The man mumbled when he spoke and the restaurant was loud, so I didn’t catch all that he said. It sounded like he was saying something about Israelis, bombs, women being raped, and people getting killed. He was saying all of this directly to my kippah-toting friend. My friend looked at him and said, “I’m sorry I have no idea what you are talking about.” The man glared at him and responded, “You know exactly what I’m talking about, you filthy Jew.”

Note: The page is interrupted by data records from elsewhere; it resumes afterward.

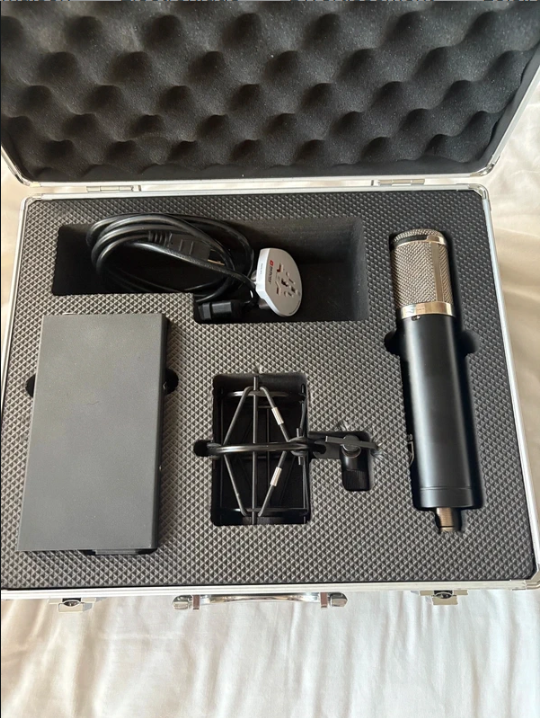 Lauten Audio LA-320 (Microphone à lampe)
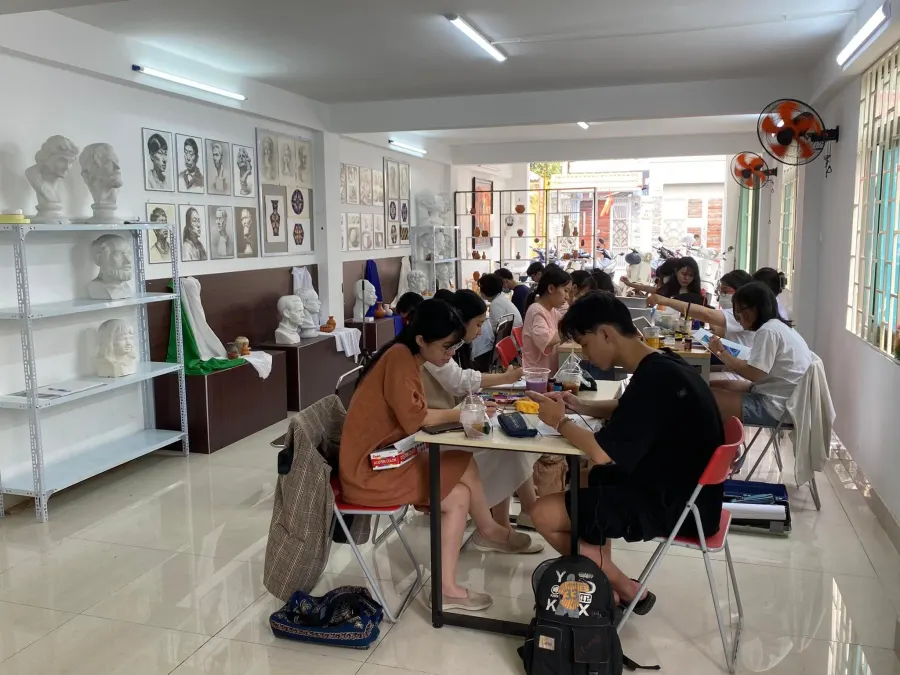 Lớp Vẽ Thầy Dũng - Cơ sở 1
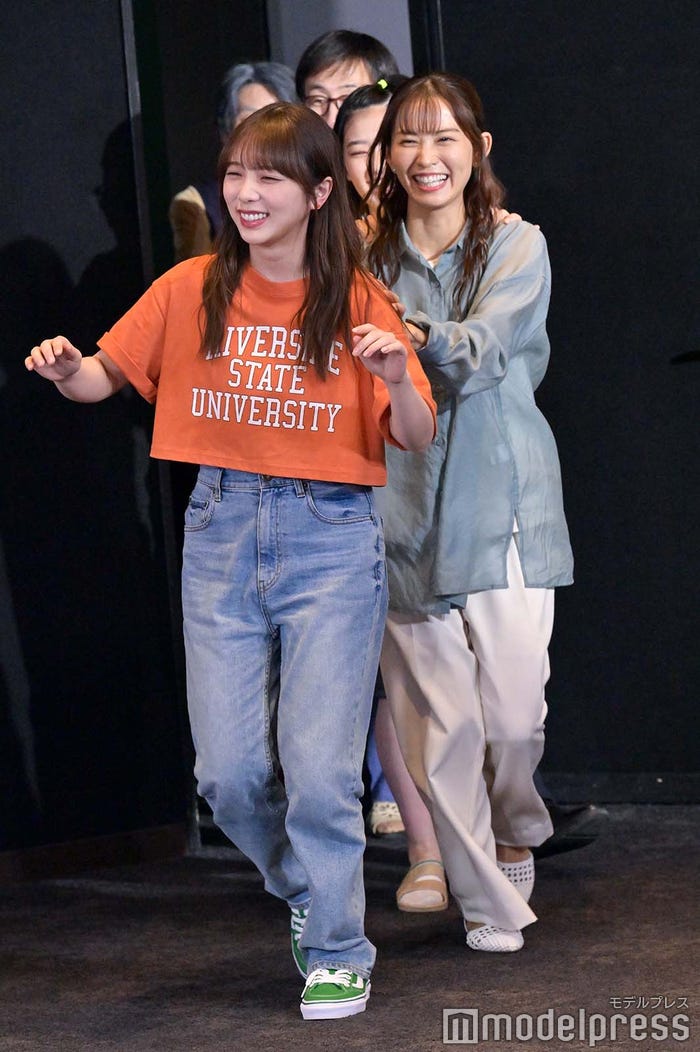 1列で仲良く登場した与田祐希、市川由衣ら(C)モデルプレス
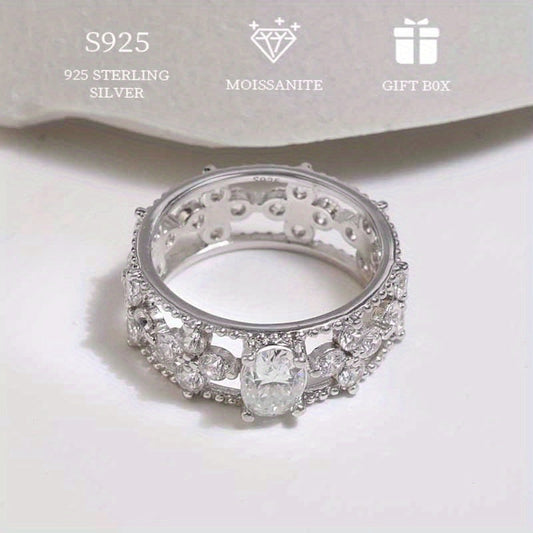 This ring is made of 925 sterling silver and features a 1ct or 2ct goose egg moissanite in a hypoallergenic hollow three-dimensional four-leaf clover design. It comes with a moissanite certificate and is packaged in an exquisite gift box for women.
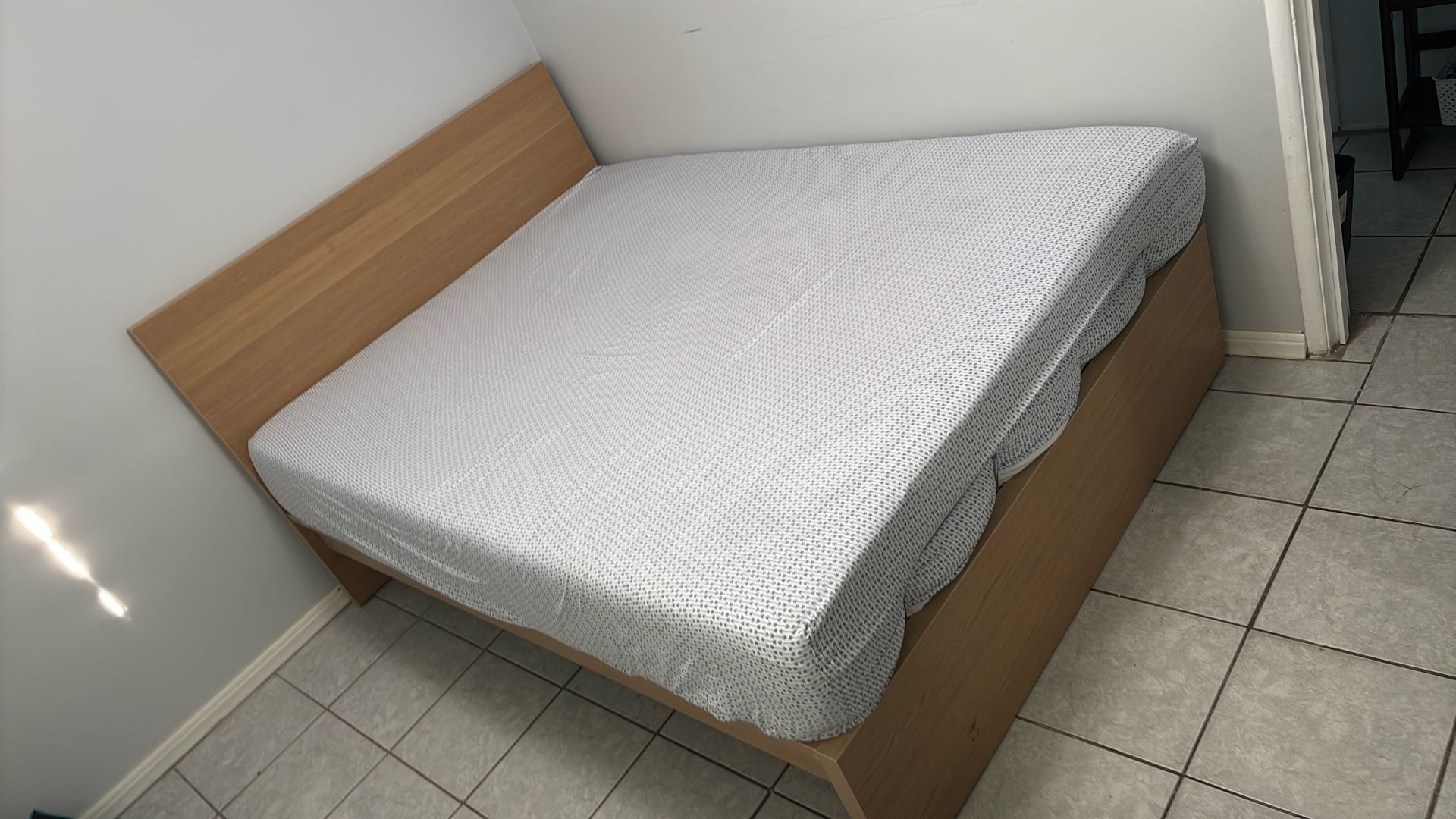Bed Frame & Mattress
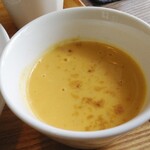 ハーブカフェ 鈴廼園 - ハーブプレートランチのスープ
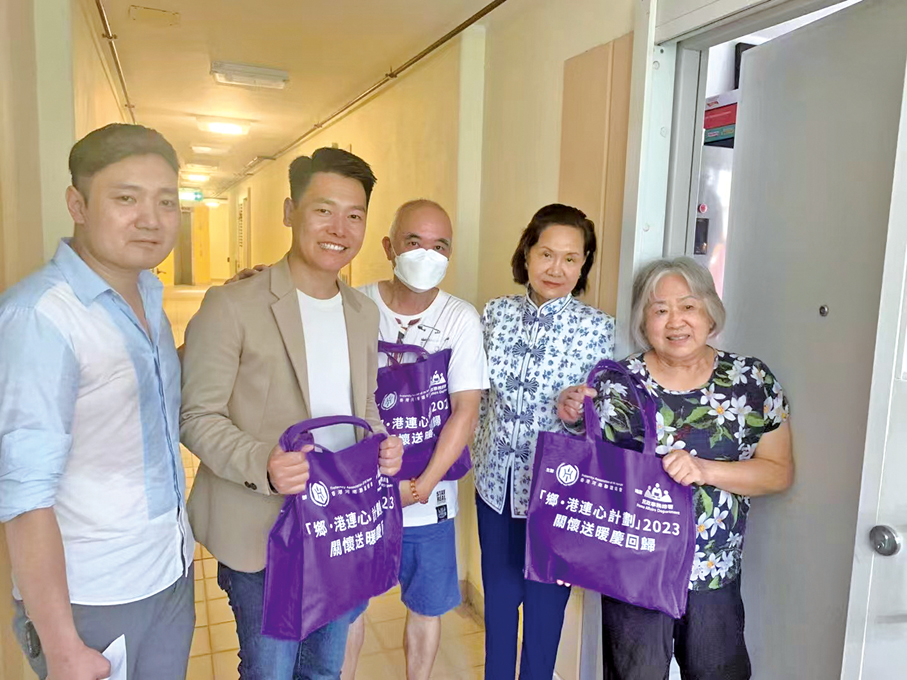 ●2023年9月，祝慶台組織義工將裝滿河南特產的「福袋」送到基層市民和長者手中。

There was a pause. I think I heard someone gasp, but I’m not sure if that was just my imagination. I could have sworn for a split second it seemed like the whole establishment froze, like a dramatic moment in a movie. Then the man walked away and there was another pause. My friend spoke first, “Wow. I haven’t wanted to just punt someone in a very long time, until just now.” My response was “Clearly this man is having a really horrible day.” It was all I could think of to say. I felt like I should have said more—maybe I should have said something to the man while he was there. But I didn’t.
What was the right thing to do? Was it better to say nothing as we did? Should we have stood up and made it clear to this guy that he was an idiot and was making an ass of himself? My friend wondered aloud if we should call the cops and get him kicked out of the coffee shop. It’s not my nature to make a scene, to give in to antagonizers and instigators. I wondered if this situation called for it. Any person with half a brain would know that this guy was not all there and was just spewing nonsense and hate; however a part of me felt like we let him win. We didn’t stand up for ourselves.
The most ironic part of all this was it happened the Monday before Chanukah, during the time of year where we celebrate a moment in our history where we as Jews stood up and fought. We fought not only for the right to be Jews, but to be public about being Jewish. The Rabbis tell us that reading Torah, performing circumcision, announcing the new month were among the first things that the Greeks outlawed. Wearing a kippah was not a custom back then, but I’m sure it would have been on the list of banned practices—another public display of Jewish identity.
I was bothered for several minutes that I did not attempt to respond in a more Judah Maccabee like fashion. On the other hand I was reminded that the Rabbis focused this holiday on the miracle of the oil precisely to move our attention away from the military victory. Their intention was to keep us focused on God’s miracles and not so much our own military strength and might.
After the man left, we went back to where we left off in our conversation prior to the incident, and finished our drinks. As we were leaving the coffee shop, an African American man in a wheel chair, probably homeless and looking hungry, was on the corner holding a cup, quietly soliciting handouts. My friend with the kippah took out his wallet, pulled out a dollar and handed it to the homeless man, wishing him a very sincere “happy holidays.” I don’t know if I could have asked for a better response to anti-Semitism than that.